Tuesday 20 November 2012

Rasa Cucumber Curry


We have a surfeit of cucumbers in the organic box, so I’m making a recipe from London’s Rasa chain of restaurants. We don’t tend to cook cucumbers that much, but this is really good.

1tbsp tamarind pulp
1/2tsp fenugreek seeds
4 dried red chillies
50g desiccated coconut
1tsp turmeric powder
4tbsp vegetable oil
1/2tsp mustard seeds
7 curry leaves
400g cucumbers, peeled and partly seeded

Understandably the boy is not sure about this at all. I was tempted to tell him this was actually an Asian vegetable he hadn’t had before but realised that this would do nothing for his confidence. This is London-Asian so a Bhangra CD goes on.

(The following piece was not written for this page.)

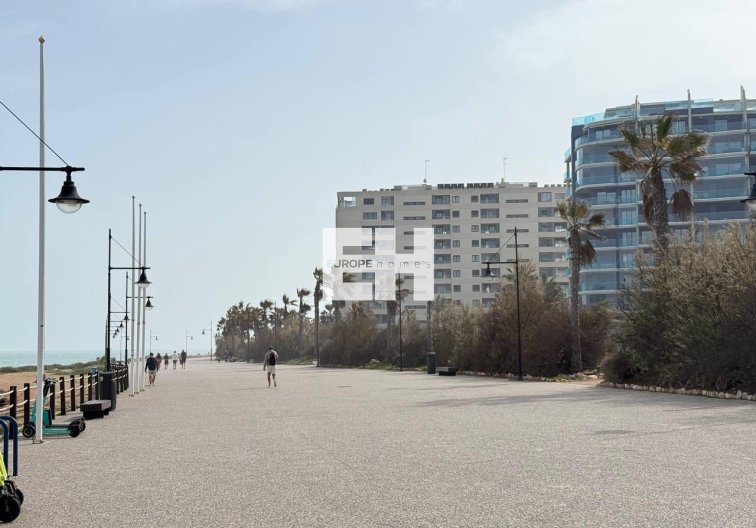 Resale - Apartment - Orihuela Costa - Punta Prima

Steep the tamarind in 4tbsp hot water and break it up with a fork, as much as you can. After about 20 minutes sieve it to get a thick liquid. The sieve is a nightmare to wash up, but that’s just part of it.

Chop the cucumber into fairly small pieces. I think a little unevenness will give a better variety of textures at the end so allow for some really big and small pieces.

In a dry frying pan, toast the fenugreek seeds and dried chillies for a minute and then tip them in a blender with the tamarind pulp, coconut and turmeric to make a paste.

In the same frying pan, heat the oil and fry the mustard seeds until they pop. Add the paste and the curry leaves and get it nice and hot. Then add the cucumber. Turn the heat down low and cook for 5 minutes.

The good news is that the boy does actually like it and claims he probably wouldn’t have thought it was cucumber if I hadn’t told him.